A brief history of the Eiffel Tower Light Show
Known by many as the Eiffel Tower light show, the Dame de Fer glitters every night at various points, apart from under the most exceptional of circumstances.
The current light show each evening was created by Pierre Bideau, a French engineer who created the system in 1985, though it may well surprise you to learn that the idea for lighting up the tower came as early as 1889.
In its current iteration; the Tower’s show has been created from placing orange yellow sodium lamps onto 336 large projectors. This means that the tower can quite literally be lit from within.
It also means that the Eiffel Tower can be seen, even during night in Paris, from the furthest away of vantage points, including that of Montmartre.
The ‘sparkle’ aspect of the Eiffel Tower light show wasn’t introduced until 1999, when the system was installed just in time to ring in the new Millennium.
Each side of the Eiffel Tower has five thousand bulbs on it to create the sparkle effect, meaning that the tower has 20,000 in total.
In a bid to conserve more energy, the City of Paris actually installed low-energy using bulb in recent years to reduce the carbon-footprint used by the light show.
Though the Light Show occurs every night, certain occasions mean that the Eiffel Tower is lit up in various ways to commemorate certain dates and events.
Once upon a time, firework displays against the backdrop of the Eiffel Tower would have been used to celebrate events, such as Bastille Day. However, in recent years, security concerns have led to firework events becoming much less common than before.
As mentioned, in its lifetime, the Eiffel Tower has been used to project many things, and was even a giant billboard for Citroën in the 1920s.
In more recent times, the Eiffel Tower has projected the colours of the French flag to commemorate the victims of the terrible attacks of November 2015. From May 15-17 in 2019, a twelve minute show was projected onto the Tower to celebrate the tower’s 130th Birthday.

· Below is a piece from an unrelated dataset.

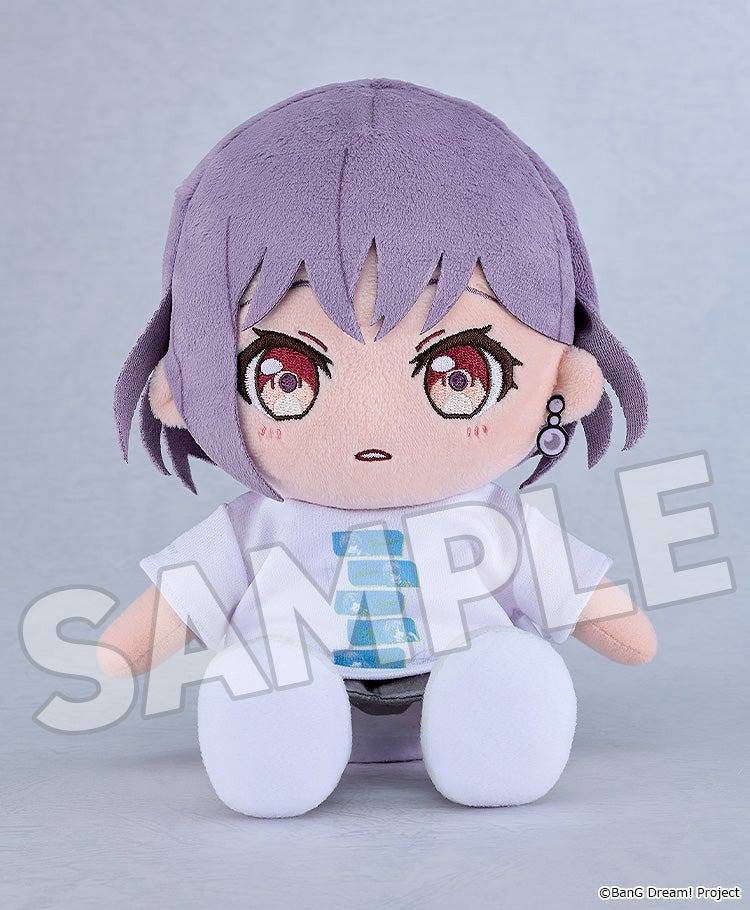 BanG Dream! It's MyGO!!!!!: Plush Accessory - Taki Shiina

Today, around seven million people visit the Eiffel Tower on an annual basis. Though I must maintain that the best view in Paris is not from the top of the Eiffel Tower (due to its position not in the centre of the city), many still make it their Paris mission to ascend the iron landmark and admire the bird’s eye perspective from the top.
How to enjoy the Eiffel Tower illuminations
As of September 2022, in a bid to save power, the last Eiffel Tower sparkle is at 11:45 p.m. Prior to this, the light show took place every evening from sundown until 1AM.
On the hour, every hour, the tower glitters with hundreds of thousands of lights for a full five minute. The final show is perhaps the most magical of all and is the most unique show of the day as it only happens once.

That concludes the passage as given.